Stack usage with MMX intrinsics and Microsoft C++
- by arik-funke
I have an inline assembler loop that cumulatively adds elements from an int32 data array with MMX instructions. In particular, it uses the fact that the MMX registers can accommodate 16 int32s to calculate 16 different cumulative sums in parallel.
I would now like to convert this piece of code to MMX intrinsics but I am afraid that I will suffer a performance penalty because one cannot explicitly intruct the compiler to use the 8 MMX registers to accomulate 16 independent sums.
Can anybody comment on this and maybe propose a solution on how to convert the piece of code below to use intrinsics?

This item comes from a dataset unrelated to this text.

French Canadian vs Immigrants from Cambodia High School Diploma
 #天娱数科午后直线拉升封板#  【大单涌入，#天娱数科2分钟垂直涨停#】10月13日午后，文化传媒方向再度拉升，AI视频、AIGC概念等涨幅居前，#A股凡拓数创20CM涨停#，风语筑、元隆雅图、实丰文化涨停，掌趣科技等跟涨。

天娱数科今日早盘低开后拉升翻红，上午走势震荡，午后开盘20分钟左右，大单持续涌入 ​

== inline assembler (only part within the loop) ==
paddd mm0, [esi+edx+8*0] ; add first & second pair of int32 elements
paddd mm1, [esi+edx+8*1] ; add third & fourth pair of int32 elements ...
paddd mm2, [esi+edx+8*2]
paddd mm3, [esi+edx+8*3]
paddd mm4, [esi+edx+8*4]
paddd mm5, [esi+edx+8*5]
paddd mm6, [esi+edx+8*6]
paddd mm7, [esi+edx+8*7] ; add 15th & 16th pair of int32 elements
esi points to the beginning of the data array
edx provides the offset in the data array for the current loop iteration
the data array is arranged such that the elements for the 16 independent sums are interleaved.